-- Provided material --
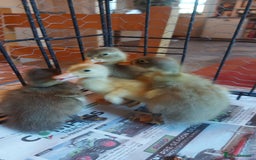 Ducks poultry for sale: Runner Ducklings - unsexed - Advert 4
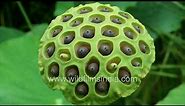 Trypophobia alert! Mature seed pod of a Bhartiya Kamal or Lotus, ready to expel seeds into the pond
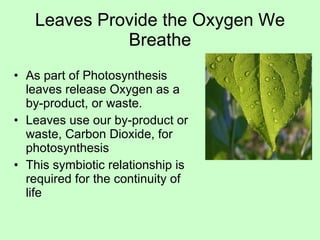 Leaves Provide the Oxygen We Breathe As part of Photosynthesis leaves release Oxygen as a by-product, or waste. Leaves use our by-product or waste, Carbon Dioxide, for photosynthesis This symbiotic relationship is required for the continuity of life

-- Work item --
Give an exact copy of the data, and omit any pictures it holds.

-- Exercise solution --
 Ducks poultry for sale: Runner Ducklings - unsexed - Advert 4
 Trypophobia alert! Mature seed pod of a Bhartiya Kamal or Lotus, ready to expel seeds into the pond
 Leaves Provide the Oxygen We Breathe As part of Photosynthesis leaves release Oxygen as a by-product, or waste. Leaves use our by-product or waste, Carbon Dioxide, for photosynthesis This symbiotic relationship is required for the continuity of life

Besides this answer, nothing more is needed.